Vice President of Litigation, Pacific Legal Foundation

Topics: Civil Rights • Environmental Law & Property Rights

Mr. Burling has worked with Pacific Legal Foundation since 1983, litigating cases from Alaska to Florida. He served as PLF’s director of litigation for many years. In 2001, James successfully argued a major property rights case, Palazzolo v. Rhode Island, before the U.S. Supreme Court, which affirmed that rights in regulated property do not disappear when land is bought and sold.


He is a member of the Federalist Society’s Environmental Law and Property Rights Practice Group’s Executive Committee, a member of the American College of Real Estate Lawyers, and an honorary member of Owners Counsel of America, an organization comprised of eminent domain attorneys who represent property owners.

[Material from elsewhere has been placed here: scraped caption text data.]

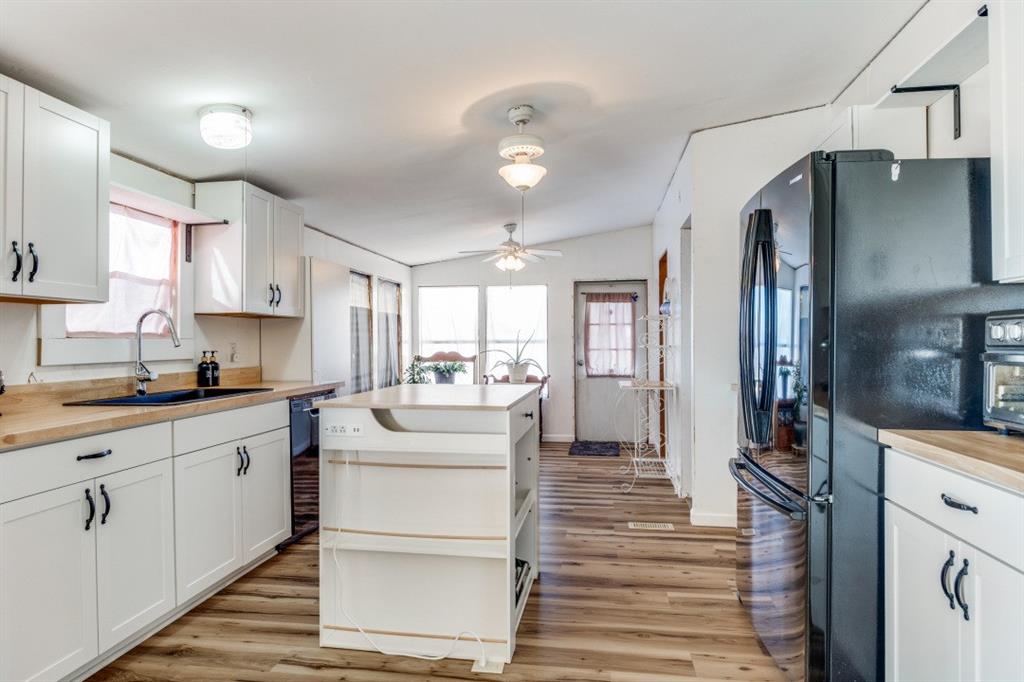 A0406 HUMPHRIES JESSE C, TRACT 6-5, ACRES 4.4 - Residential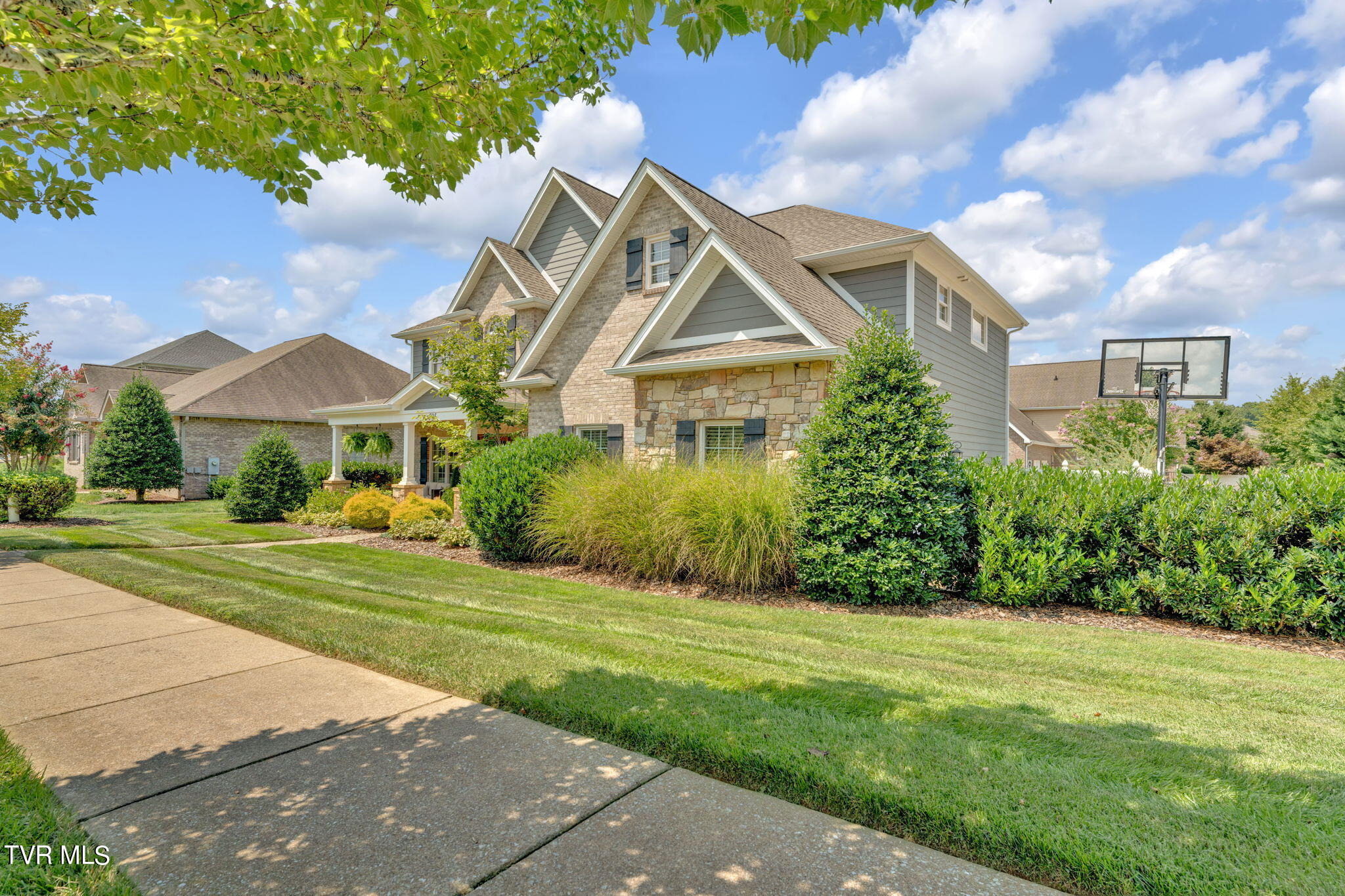 505 Oliver Approach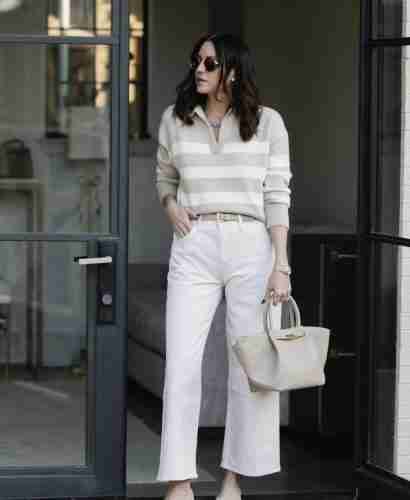 Lightweight Sweater and Jeans Outfits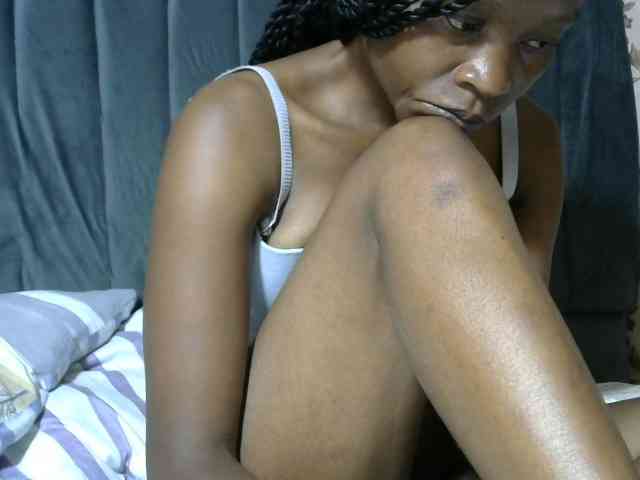 PrettyAlianah webcam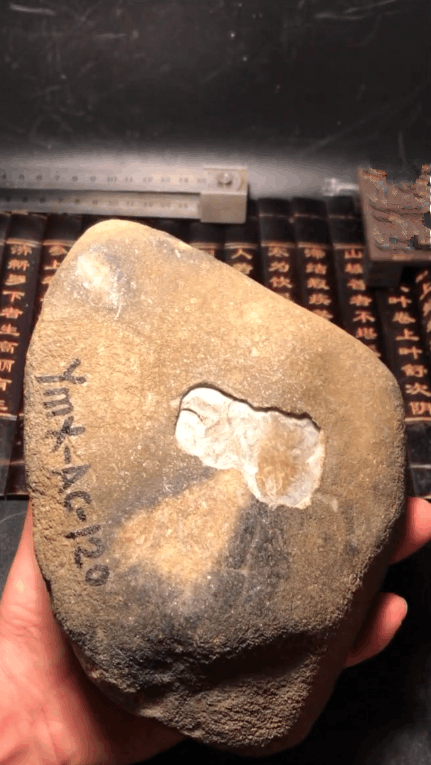 夜市6500入手的翡翠原石,切开都说赔,成品做出后惊讶全场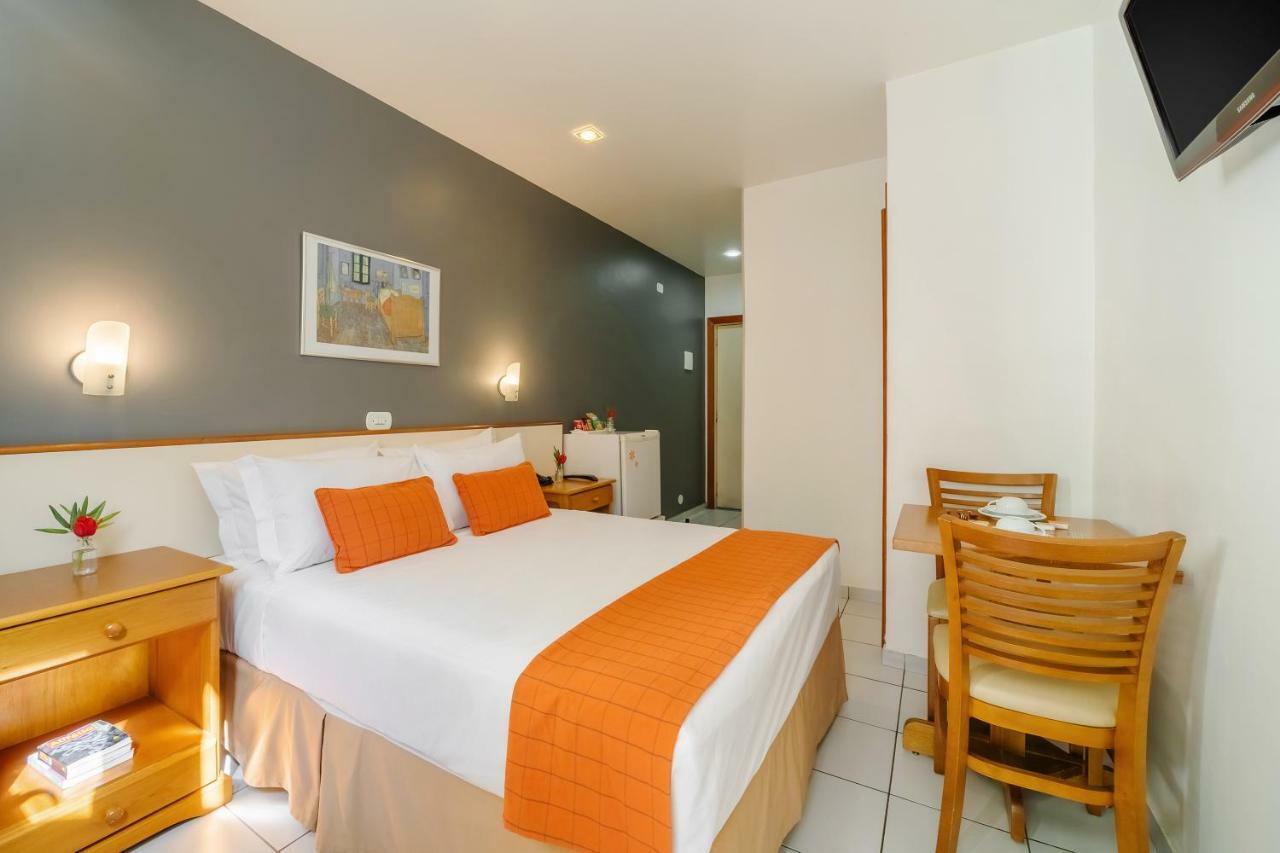Apa Copacabana Hotel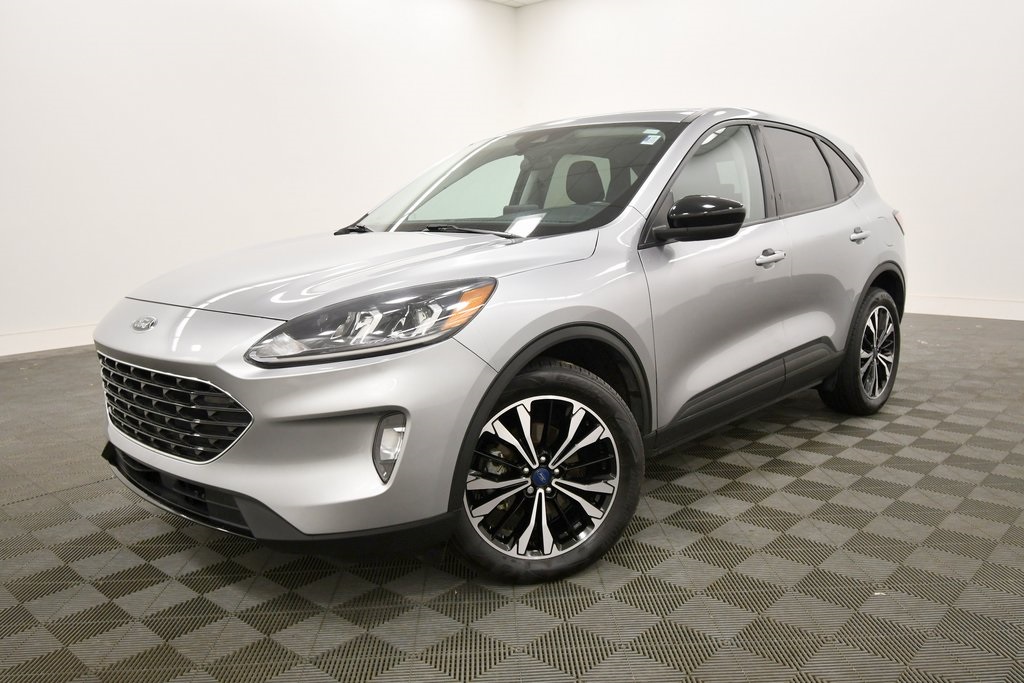 Used 2022 Iconic Silver Metallic Ford SEL image 2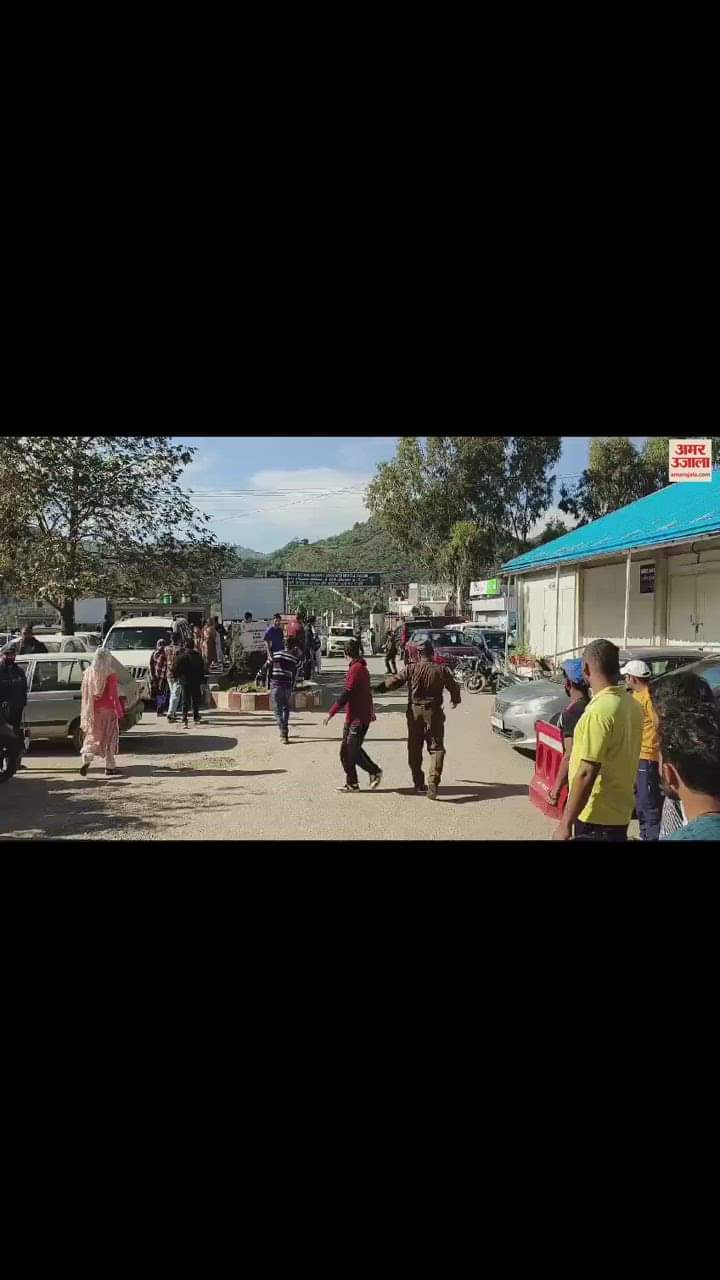 VIDEO : Vehicle falls into ditch in Rajouri two dead six injured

In 2022, James was awarded the Brigham-Kanner Property Rights Prize at the William & Mary College of Law. The prize is awarded annually to an individual whose work has advanced the cause of property rights and has contributed to the overall awareness of the important role property rights occupy in the broader scheme of individual liberty.

Mr. Burling’s book Nowhere to Live: The Hidden Story of America’s Housing Crisis, reveals how the government layered mistake upon mistake to create the current crisis of housing affordability. It also provides a way out: not by government fiat, but through the restoration of private property rights.